Friday 8 December 2017

Reasons to be cheerful - or entangled?

So, while I was urging our negotiators to have some backbone (Part of the Union, 7 December), David Davies's civil servants were scurrying around finalising the wording of an agreement (it's called a joint report actually) so Theresa May, having had to walk out of her lunch with Juncker, could get on a plane at stupid-o-clock this morning to go and have breakfast with him and seal the deal. Is this a Reason to be Cheerful?*

Well, I'm sure a decent deal would be better than no deal. But we won't know if this paves the way for a decent deal for some time. I suspect it doesn't. The reason is, rather than presenting the EU and Ireland with a crunch and trying to get them to take at least joint ownership of the problems, an enormous dollop of fudge has been applied and we've kept the problems of finding solutions all to ourselves.

Having read the report* for myself (go on, it's only 14 and a bit pages!) it's pellucidly clear that the EU side has succeeded in all its main objectives for the first phase of the negotiations. Those objectives started with making us agree up front on the things that we could otherwise potentially use for leverage in the broader negotiation, especially the financial settlement.

However, the biggest problem I have is over the Irish border. I quote here the relevant paragraph in full (it's paragraph 49):
The United Kingdom remains committed to protecting North-South cooperation and to
its guarantee of avoiding a hard border. Any future arrangements must be compatible
with these overarching requirements. The United Kingdom's intention is to achieve
these objectives through the overall EU-UK relationship. Should this not be possible,
the United Kingdom will propose specific solutions to address the unique
circumstances of the island of Ireland. In the absence of agreed solutions, the United
Kingdom will maintain full alignment with those rules of the Internal Market and the
Customs Union which, now or in the future, support North-South cooperation, the all-island
economy and the protection of the 1998 Agreement. (My emphasis in bold)

So the onus remains entirely on us to bring forward ideas to fix the potentially unfixable. The EU side can just refuse to agree to anything they or the Republic don't like.

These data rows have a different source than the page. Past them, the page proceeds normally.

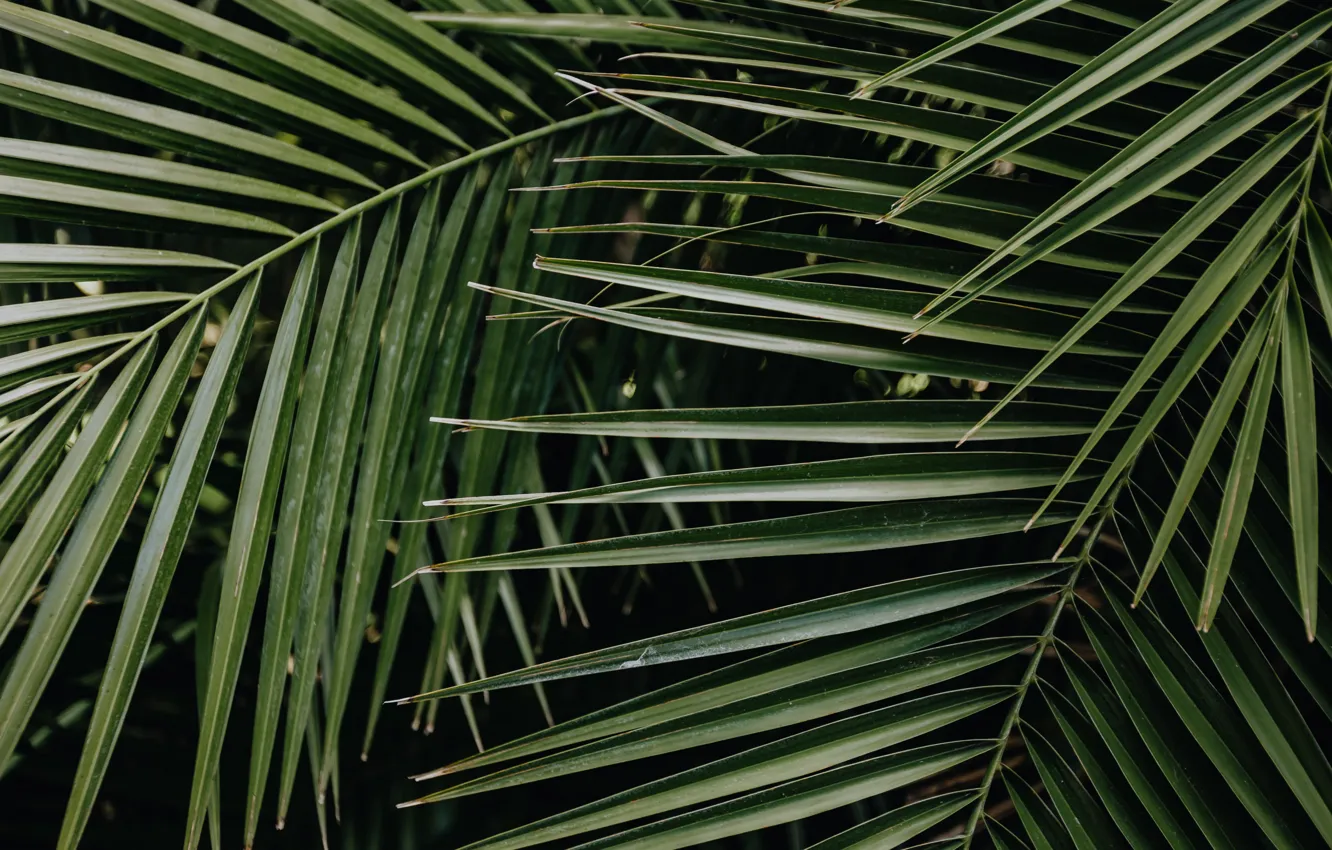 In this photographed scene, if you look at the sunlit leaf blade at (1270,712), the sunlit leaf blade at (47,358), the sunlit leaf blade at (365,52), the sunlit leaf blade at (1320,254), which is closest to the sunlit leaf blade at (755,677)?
the sunlit leaf blade at (1270,712)

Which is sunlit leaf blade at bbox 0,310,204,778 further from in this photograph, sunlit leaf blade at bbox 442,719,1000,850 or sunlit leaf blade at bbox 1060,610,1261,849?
sunlit leaf blade at bbox 1060,610,1261,849

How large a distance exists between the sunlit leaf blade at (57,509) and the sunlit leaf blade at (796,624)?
23 centimetres

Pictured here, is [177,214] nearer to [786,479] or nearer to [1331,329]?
[786,479]

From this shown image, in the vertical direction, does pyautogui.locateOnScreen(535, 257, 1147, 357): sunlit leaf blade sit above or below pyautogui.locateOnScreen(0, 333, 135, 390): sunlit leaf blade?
below

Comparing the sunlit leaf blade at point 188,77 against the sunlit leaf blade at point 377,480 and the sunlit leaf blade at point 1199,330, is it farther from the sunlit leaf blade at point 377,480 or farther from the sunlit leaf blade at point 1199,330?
the sunlit leaf blade at point 1199,330

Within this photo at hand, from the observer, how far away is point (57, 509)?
1.66 feet

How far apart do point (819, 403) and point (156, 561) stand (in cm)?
43

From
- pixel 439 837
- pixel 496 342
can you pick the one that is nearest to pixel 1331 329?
pixel 496 342

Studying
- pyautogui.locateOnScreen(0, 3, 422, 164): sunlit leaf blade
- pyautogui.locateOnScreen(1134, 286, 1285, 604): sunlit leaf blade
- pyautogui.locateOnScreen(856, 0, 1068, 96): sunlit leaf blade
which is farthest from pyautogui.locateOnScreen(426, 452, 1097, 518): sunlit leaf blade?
pyautogui.locateOnScreen(0, 3, 422, 164): sunlit leaf blade

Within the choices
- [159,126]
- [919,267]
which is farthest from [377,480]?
[919,267]

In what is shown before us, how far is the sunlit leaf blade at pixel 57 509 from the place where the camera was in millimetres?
496

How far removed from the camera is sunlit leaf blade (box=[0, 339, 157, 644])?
50cm

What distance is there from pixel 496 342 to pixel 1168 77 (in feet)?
1.60

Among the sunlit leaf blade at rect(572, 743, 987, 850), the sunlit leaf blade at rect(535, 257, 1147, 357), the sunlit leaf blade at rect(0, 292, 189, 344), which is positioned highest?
the sunlit leaf blade at rect(0, 292, 189, 344) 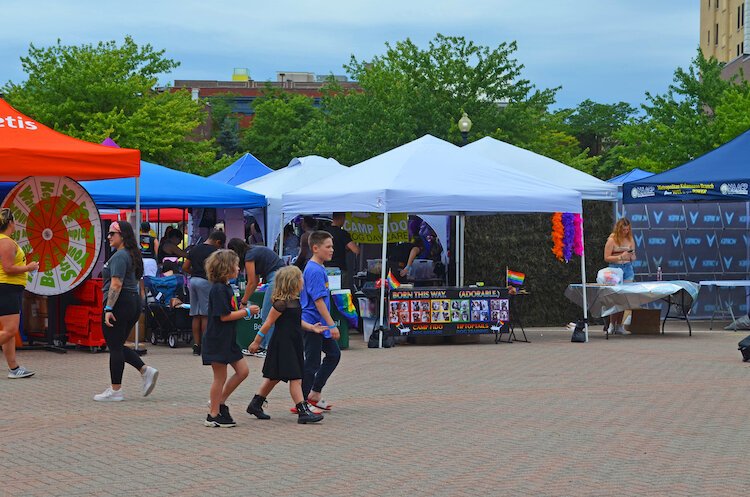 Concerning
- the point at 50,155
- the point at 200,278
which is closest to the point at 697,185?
the point at 200,278

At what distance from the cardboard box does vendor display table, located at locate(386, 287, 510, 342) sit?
301 cm

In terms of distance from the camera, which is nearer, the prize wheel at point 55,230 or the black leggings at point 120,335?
the black leggings at point 120,335

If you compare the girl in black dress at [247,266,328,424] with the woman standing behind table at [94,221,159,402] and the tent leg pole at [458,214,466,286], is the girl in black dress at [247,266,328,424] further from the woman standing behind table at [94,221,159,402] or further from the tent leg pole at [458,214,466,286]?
the tent leg pole at [458,214,466,286]

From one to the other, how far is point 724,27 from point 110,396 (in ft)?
294

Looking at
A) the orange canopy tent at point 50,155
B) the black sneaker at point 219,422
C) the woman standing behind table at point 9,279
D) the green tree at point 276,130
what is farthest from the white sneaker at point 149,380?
the green tree at point 276,130

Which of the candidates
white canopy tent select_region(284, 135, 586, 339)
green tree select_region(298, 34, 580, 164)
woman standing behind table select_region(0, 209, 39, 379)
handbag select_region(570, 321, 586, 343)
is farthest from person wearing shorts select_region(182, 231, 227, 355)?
green tree select_region(298, 34, 580, 164)

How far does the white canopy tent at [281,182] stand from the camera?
77.8 feet

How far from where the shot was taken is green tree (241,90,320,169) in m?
84.4

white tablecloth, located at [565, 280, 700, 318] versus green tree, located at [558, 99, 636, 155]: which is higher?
green tree, located at [558, 99, 636, 155]

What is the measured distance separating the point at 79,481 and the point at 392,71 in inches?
2227

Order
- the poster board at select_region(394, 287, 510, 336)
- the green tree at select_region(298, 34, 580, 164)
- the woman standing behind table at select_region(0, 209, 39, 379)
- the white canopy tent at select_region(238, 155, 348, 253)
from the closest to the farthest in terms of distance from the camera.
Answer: the woman standing behind table at select_region(0, 209, 39, 379) < the poster board at select_region(394, 287, 510, 336) < the white canopy tent at select_region(238, 155, 348, 253) < the green tree at select_region(298, 34, 580, 164)

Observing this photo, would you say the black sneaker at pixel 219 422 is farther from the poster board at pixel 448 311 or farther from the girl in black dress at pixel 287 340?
the poster board at pixel 448 311

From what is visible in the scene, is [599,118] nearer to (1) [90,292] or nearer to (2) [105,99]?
(2) [105,99]

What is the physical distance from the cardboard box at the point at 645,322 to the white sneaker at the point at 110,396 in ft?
37.1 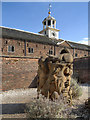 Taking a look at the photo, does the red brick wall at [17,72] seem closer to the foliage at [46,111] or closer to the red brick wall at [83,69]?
the foliage at [46,111]

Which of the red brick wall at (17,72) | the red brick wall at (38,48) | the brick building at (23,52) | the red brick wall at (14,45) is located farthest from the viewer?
the red brick wall at (38,48)

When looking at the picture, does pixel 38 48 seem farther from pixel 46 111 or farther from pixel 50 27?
pixel 46 111

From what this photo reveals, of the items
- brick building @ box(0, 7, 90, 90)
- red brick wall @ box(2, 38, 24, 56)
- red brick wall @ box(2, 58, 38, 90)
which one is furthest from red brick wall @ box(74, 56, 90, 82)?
red brick wall @ box(2, 38, 24, 56)

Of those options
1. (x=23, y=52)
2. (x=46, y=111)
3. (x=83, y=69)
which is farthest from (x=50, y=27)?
(x=46, y=111)

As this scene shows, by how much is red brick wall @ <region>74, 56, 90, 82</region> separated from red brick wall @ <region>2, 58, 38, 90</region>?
24.1 feet

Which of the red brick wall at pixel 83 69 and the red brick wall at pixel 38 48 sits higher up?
the red brick wall at pixel 38 48

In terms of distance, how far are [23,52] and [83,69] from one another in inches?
448

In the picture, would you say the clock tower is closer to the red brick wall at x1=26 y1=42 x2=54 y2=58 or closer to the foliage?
the red brick wall at x1=26 y1=42 x2=54 y2=58

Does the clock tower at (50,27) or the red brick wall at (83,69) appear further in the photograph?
the clock tower at (50,27)

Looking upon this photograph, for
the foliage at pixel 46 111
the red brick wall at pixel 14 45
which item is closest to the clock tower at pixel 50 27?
the red brick wall at pixel 14 45

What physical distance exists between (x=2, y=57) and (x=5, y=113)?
213 inches

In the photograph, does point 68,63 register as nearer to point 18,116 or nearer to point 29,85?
point 18,116

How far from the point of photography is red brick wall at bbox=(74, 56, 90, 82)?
536 inches

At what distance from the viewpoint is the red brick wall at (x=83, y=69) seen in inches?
536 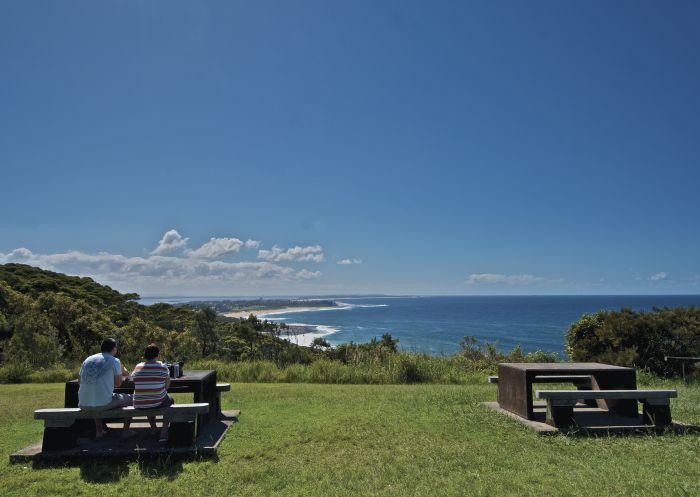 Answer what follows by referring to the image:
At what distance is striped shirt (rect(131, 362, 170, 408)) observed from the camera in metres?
4.94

They don't have to do anything other than say "non". In Ian Dury's song, sometime after repeatedly singing "why don't you get back into bed?" (which surely Theresa May was thinking this morning) he sings "yes, yes, dear, dear, perhaps next year, or maybe never". And, potentially to infinity, the UK is trapped maintaining "full alignment" with the single market and customs union. This gives the EU side the most enormous lever in future negotiations. I'm sure they won't hesitate to use it.

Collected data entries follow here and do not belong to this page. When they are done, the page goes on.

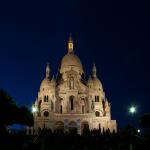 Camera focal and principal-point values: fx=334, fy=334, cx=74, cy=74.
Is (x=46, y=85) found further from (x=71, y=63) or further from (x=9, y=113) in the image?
(x=9, y=113)

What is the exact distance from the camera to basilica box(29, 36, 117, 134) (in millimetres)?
76562

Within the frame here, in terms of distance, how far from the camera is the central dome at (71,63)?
88.1 metres

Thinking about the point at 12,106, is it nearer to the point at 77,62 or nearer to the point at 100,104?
the point at 100,104

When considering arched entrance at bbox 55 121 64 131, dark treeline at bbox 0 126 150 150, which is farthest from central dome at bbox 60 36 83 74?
dark treeline at bbox 0 126 150 150

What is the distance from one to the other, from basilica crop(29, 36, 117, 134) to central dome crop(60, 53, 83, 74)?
0.77 metres

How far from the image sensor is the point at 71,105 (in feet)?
261

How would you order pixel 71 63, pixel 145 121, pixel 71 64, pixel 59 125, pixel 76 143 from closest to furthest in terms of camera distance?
1. pixel 76 143
2. pixel 145 121
3. pixel 59 125
4. pixel 71 64
5. pixel 71 63

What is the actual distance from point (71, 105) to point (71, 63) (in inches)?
534

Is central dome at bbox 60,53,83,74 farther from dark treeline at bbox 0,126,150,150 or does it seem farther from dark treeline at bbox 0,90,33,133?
dark treeline at bbox 0,126,150,150

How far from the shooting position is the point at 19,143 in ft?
100

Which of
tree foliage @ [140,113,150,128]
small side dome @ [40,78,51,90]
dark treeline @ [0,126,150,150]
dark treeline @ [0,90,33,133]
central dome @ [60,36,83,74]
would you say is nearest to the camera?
dark treeline @ [0,126,150,150]

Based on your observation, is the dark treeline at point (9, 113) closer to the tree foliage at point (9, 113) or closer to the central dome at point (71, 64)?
the tree foliage at point (9, 113)

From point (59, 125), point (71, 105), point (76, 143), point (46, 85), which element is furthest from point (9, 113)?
point (46, 85)

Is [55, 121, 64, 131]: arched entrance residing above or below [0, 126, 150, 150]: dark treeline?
above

This all puts us firmly waiting in the lobby of the Hotel California, with the Eagles singing:
'Relax' said the night man,
'We are programmed to receive.
You can check out any time you like,
But you can never leave!'

Though, as of today, I'm feeling it's more like the Genesis song Entangled:
"Well, if we can help you we will,
Soon as you're tired and ill.
With your consent
We can experiment further still.
Well, thanks to our kindness and skill
You'll have no trouble until
You catch your breath
And the nurse will present you the bill!"

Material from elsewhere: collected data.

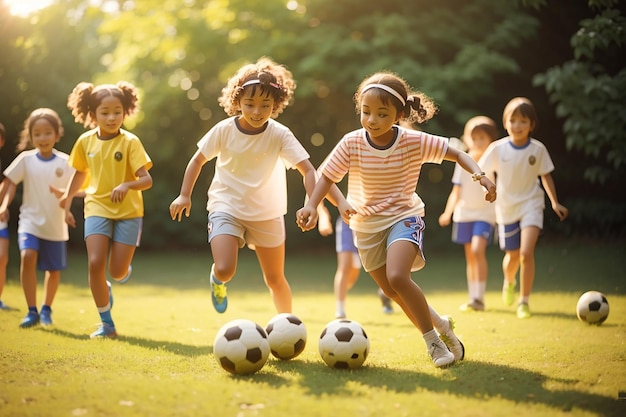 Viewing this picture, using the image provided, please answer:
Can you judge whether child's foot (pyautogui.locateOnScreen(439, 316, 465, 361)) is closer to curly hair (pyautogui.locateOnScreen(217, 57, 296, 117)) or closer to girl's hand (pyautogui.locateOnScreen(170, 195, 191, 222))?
girl's hand (pyautogui.locateOnScreen(170, 195, 191, 222))

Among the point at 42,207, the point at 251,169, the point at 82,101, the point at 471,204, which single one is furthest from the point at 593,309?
the point at 42,207

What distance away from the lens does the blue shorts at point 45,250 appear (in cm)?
740

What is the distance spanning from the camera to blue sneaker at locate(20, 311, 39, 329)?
7.06 metres

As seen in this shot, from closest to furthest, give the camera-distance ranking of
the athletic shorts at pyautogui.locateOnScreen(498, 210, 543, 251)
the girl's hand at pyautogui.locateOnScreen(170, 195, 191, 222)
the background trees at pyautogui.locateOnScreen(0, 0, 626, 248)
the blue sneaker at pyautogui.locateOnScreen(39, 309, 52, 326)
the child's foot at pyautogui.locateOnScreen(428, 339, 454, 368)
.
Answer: the child's foot at pyautogui.locateOnScreen(428, 339, 454, 368) → the girl's hand at pyautogui.locateOnScreen(170, 195, 191, 222) → the blue sneaker at pyautogui.locateOnScreen(39, 309, 52, 326) → the athletic shorts at pyautogui.locateOnScreen(498, 210, 543, 251) → the background trees at pyautogui.locateOnScreen(0, 0, 626, 248)

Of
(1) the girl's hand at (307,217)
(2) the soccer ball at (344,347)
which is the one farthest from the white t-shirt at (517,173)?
(2) the soccer ball at (344,347)

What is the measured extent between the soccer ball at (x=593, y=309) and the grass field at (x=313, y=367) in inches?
4.9

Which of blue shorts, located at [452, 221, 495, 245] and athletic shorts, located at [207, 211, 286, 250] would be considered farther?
blue shorts, located at [452, 221, 495, 245]

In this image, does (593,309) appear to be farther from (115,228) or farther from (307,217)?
(115,228)

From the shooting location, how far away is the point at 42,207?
24.6 ft

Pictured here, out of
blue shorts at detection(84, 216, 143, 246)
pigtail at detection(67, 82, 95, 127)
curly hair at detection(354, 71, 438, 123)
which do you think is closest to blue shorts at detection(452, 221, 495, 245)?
curly hair at detection(354, 71, 438, 123)

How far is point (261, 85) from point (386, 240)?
1.55 meters

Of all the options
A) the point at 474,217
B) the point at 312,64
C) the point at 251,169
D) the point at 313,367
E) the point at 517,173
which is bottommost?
the point at 313,367

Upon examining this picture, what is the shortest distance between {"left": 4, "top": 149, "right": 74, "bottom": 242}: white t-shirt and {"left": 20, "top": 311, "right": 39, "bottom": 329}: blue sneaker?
0.79 metres

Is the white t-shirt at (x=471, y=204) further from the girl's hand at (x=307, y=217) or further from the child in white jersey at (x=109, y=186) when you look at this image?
the girl's hand at (x=307, y=217)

The bill being around €50 billion it seems. Both Hotel California and Entangled have a nightmareish quality...

Our only get outs are that the word "alignment" is apparently not defined legally in the EU and that paragraph 5 of the agreement has the caveat that nothing is agreed until everything is agreed.

I am thinking hard and trying to identify anything, however small, that the UK side has won the argument over in the negotiation to date. The only thing I can think of is that initial reports were that the EU was looking for a financial settlement of €100 million, which may well have been the number Boris Johnson said they could go whistle for. I don't count this as a "win", as it feels to me like the EU took the number they actually wanted and leaked double that number to put the wind up the other side. So Brussels has got us to commit to paying everything it wanted. And agreeing on everything else. Which just goes to show how weak a position we are in and how desperate we are to get a deal.

If we were always going to cave in on everything, why didn't we just save time and do it 6 months ago, one might ask. Except that the 6 months of hassle were necessary for the government to get its Brexit hardliners on board, everyone had to see for themselves how difficult it was. Remember, this whole thing has always been - and will be through to the end - about the Tory party trying to keep itself in one piece.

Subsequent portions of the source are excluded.